Partendo da questo concetto, l’antropologo americano Roland Burrage Dixon all’inizio del Novecento poté osservare che cultura è la somma di tutte le attività di un popolo, i costumi, le credenze che siamo abituati a chiamare civiltà.
Nel discorso all’UNESCO del 2 giugno 1980, San Giovanni Paolo II affermò: «Il significato essenziale della cultura consiste nel fatto che essa è una caratteristica della vita umana come tale. L’uomo vive di una vita veramente umana grazie alla cultura. La vita umana è cultura nel senso anche che l’uomo si distingue e si differenzia attraverso essa da tutto ciò che esiste per altra parte nel mondo visibile: l’uomo non può essere fuori della cultura. La cultura è un modo specifico dell’«esistere» e dell’«essere» dell’uomo. L’uomo vive sempre secondo una cultura che gli è propria, e che, a sua volta, crea fra gli uomini un legame che pure è loro proprio, determinando il carattere inter-umano e sociale dell’esistenza umana. Nell’unità della cultura, come modo proprio dell’esistenza umana, si radica nello stesso tempo la pluralità delle culture in seno alle quali l’uomo vive. In questa pluralità, l’uomo si sviluppa senza perdere tuttavia il contatto essenziale con l’unità della cultura in quanto dimensione fondamentale ed essenziale della sua esistenza e del suo essere».

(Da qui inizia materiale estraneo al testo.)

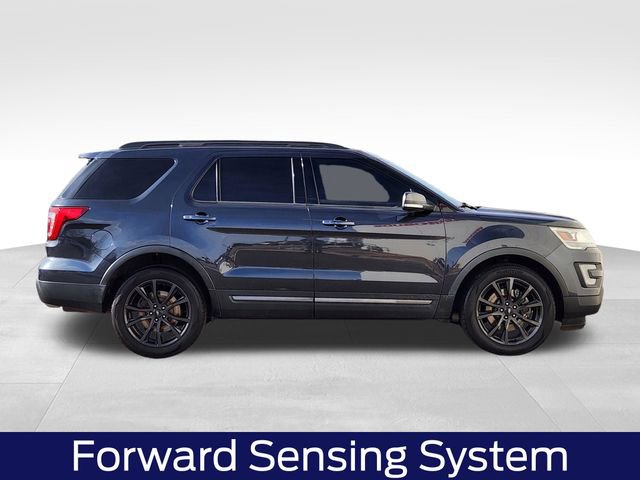 Certified 2017 Ford Explorer XLT w/ Equipment Group 202A image 11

Questa affermazione pone in evidenza che solo l’uomo è “autore” o “artefice” della cultura, e che l’uomo si esprime in essa ed in essa trova il proprio equilibrio. La cultura, in altri termini, è parte integrante e costitutiva dell’uomo, lo connota e lo definisce.
Ecco perché ogni aspetto, anche ordinario, quotidiano e secondario dell’esistenza umana è importante e merita attenzione. La cura dell’ordinarietà è quindi manifestazione di bellezza e di cultura, dice qualcosa di noi, comunica valori, contribuisce a riempire di significato la nostra esistenza.